__WORK ITEM__
Please output exactly the lines of the material from the first through the line containing "ASPIRADORA XIAOMI ROBOT VACUUM X20+ - 5", and nothing more.

__AVAILABLE DATA__
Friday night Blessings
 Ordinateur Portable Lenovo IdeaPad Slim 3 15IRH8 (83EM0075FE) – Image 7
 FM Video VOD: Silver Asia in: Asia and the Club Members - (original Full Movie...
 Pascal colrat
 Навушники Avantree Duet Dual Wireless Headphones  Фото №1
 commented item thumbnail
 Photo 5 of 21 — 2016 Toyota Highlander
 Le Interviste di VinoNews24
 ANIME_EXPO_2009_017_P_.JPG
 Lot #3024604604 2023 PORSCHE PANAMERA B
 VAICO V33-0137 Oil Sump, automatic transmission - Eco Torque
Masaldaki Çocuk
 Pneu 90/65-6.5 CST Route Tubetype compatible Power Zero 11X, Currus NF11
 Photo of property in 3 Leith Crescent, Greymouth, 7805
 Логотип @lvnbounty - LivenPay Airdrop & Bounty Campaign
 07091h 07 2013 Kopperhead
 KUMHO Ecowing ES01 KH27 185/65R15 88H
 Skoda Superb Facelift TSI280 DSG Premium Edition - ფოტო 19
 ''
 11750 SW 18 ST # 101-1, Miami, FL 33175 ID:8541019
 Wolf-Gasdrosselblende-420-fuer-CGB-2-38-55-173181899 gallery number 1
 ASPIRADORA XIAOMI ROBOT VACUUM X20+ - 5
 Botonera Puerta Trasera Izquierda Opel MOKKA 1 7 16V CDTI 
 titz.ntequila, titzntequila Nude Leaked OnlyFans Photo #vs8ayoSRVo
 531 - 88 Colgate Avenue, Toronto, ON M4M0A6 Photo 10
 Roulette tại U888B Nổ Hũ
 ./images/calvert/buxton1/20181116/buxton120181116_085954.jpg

__EXPECTED ANSWER__
Friday night Blessings
 Ordinateur Portable Lenovo IdeaPad Slim 3 15IRH8 (83EM0075FE) – Image 7
 FM Video VOD: Silver Asia in: Asia and the Club Members - (original Full Movie...
 Pascal colrat
 Навушники Avantree Duet Dual Wireless Headphones  Фото №1
 commented item thumbnail
 Photo 5 of 21 — 2016 Toyota Highlander
 Le Interviste di VinoNews24
 ANIME_EXPO_2009_017_P_.JPG
 Lot #3024604604 2023 PORSCHE PANAMERA B
 VAICO V33-0137 Oil Sump, automatic transmission - Eco Torque
Masaldaki Çocuk
 Pneu 90/65-6.5 CST Route Tubetype compatible Power Zero 11X, Currus NF11
 Photo of property in 3 Leith Crescent, Greymouth, 7805
 Логотип @lvnbounty - LivenPay Airdrop & Bounty Campaign
 07091h 07 2013 Kopperhead
 KUMHO Ecowing ES01 KH27 185/65R15 88H
 Skoda Superb Facelift TSI280 DSG Premium Edition - ფოტო 19
 ''
 11750 SW 18 ST # 101-1, Miami, FL 33175 ID:8541019
 Wolf-Gasdrosselblende-420-fuer-CGB-2-38-55-173181899 gallery number 1
 ASPIRADORA XIAOMI ROBOT VACUUM X20+ - 5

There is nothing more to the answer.